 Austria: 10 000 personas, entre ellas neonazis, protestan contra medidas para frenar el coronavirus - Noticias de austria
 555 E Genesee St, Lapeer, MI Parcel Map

--

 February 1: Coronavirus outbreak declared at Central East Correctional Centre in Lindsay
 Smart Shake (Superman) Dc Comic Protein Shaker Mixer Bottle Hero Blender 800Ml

**EXERCISE DESCRIPTION:** Of the lines above, extract only those from the line with "Austria: 10 000" to the line with "555 E Genesee St, Lapeer, MI Parcel Map", both included, exactly as written.

**RESPONSE TO THIS TASK:**
 Austria: 10 000 personas, entre ellas neonazis, protestan contra medidas para frenar el coronavirus - Noticias de austria
 555 E Genesee St, Lapeer, MI Parcel Map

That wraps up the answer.